Prime Minister Theresa May wants tech companies, like Facebook, Apple, and Google, to create controversial ‘backdoors’ for police, but even somewhere she knows that it’s not that easy as it sounds.
The Civil Liberties, Justice and Home Affairs Committee of the European Parliament has released a draft proposal [PDF] for new laws on privacy and electronic communications, recommending end-to-end (E2E) encryption on all communications and forbidding backdoors that offer access to law enforcement.
“The protection of confidentiality of communications is also an essential condition for the respect of other related fundamental rights and freedoms, such as the protection of freedom of thought, conscience and religion, and freedom of expression and information,” the draft reads.
Draft Says, Your Security is Our Top Priority
According to the draft, EU citizens need more protection, not less and they need to know that the “confidentiality and safety” of their data is “guaranteed,” but software backdoors risk “weakening” that privacy.
What is backdoor? By definition, “Backdoor is a feature or defect of a computer system that allows surreptitious unauthorized access to data.”
Many countries’ government, including the US Defence Department, have forced major companies to provide backdoor access to their services, allowing the feds to intercept users’ traffic and access everything from secure messages to their web activities.
But, “Technically, there is no such backdoor that only the government can access. If surveillance tools can exploit the vulnerability by design, then an attacker who gained access to it would enjoy the same privilege.”
Draft Demands End-to-End Encryption & Ban On Backdoors
The proposed draft recommends the use of end-to-end encryption that would make it more difficult for federal officials to request data from tech companies.
The proposal would ban decryption of user data as well as the creation of backdoors in software or encryption technologies that could allow government access to users’ private information.
So if the amendments pass, the ban on software backdoors would make it difficult for the government to enforce the Section 49 of the Regulation of Investigatory Powers Act (RIPA) 2000’s requirement that companies remove “electronic protection” when possible.
For those unaware, end-to-end encryption is a secure communication that encrypts data on the sender’s system before passing it to a company’s server. The company then passes the encrypted data to the intended recipient, who is the only person who can decrypt it.
Nobody in between, be it an application service provider, an Internet service provider (ISP), hacker, or even law enforcement officials, can read or tamper with the data.
“When encryption of electronic communications data is used, decryption, reverse engineering or monitoring of such communications shall be prohibited,” the draft reads.
“Member States shall not impose any obligations on electronic communications service providers that would result in the weakening of the security and encryption of their networks and services.”

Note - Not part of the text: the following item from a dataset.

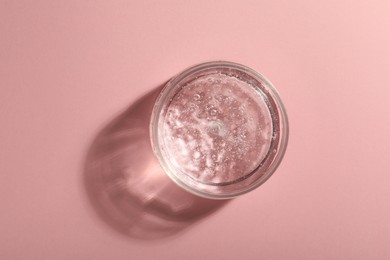 Jar of cosmetic gel on pink background, top view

Securing the ‘Internet of Things’
Similarly, the draft also says, the current law have not kept pace with how the machine-to-machine communications in the Internet of Things can expose citizens.
The connected devices and machines are increasingly communicating with each other today by using electronic communications networks.

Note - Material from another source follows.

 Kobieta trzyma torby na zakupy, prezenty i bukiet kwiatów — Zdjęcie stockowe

So, according to the committee, this Regulation should also be applied to the machine-to-machine communications in order to “ensure full protection of the rights to privacy and confidentiality of communications, and to promote a trusted and secure Internet of Things in the digital single market.”
In short, the committee wants that any future means of communication, such as “calls, internet access, instant messaging applications, email, internet phone calls and messaging provided through social media” are all protected from hackers, government and prying eyes.
The committee wants that applications, browsers, internet service providers, cars, smartphones or fitness trackers should also respect no-track requests from their customers, and snoop their data only after getting users’ consent.
However, it should be noted that most technology companies fall under the United States court of law, and post-Snowden era proves that as long as your countries’ data is stored out of your boundaries, your policies and regulations would hardly make any difference.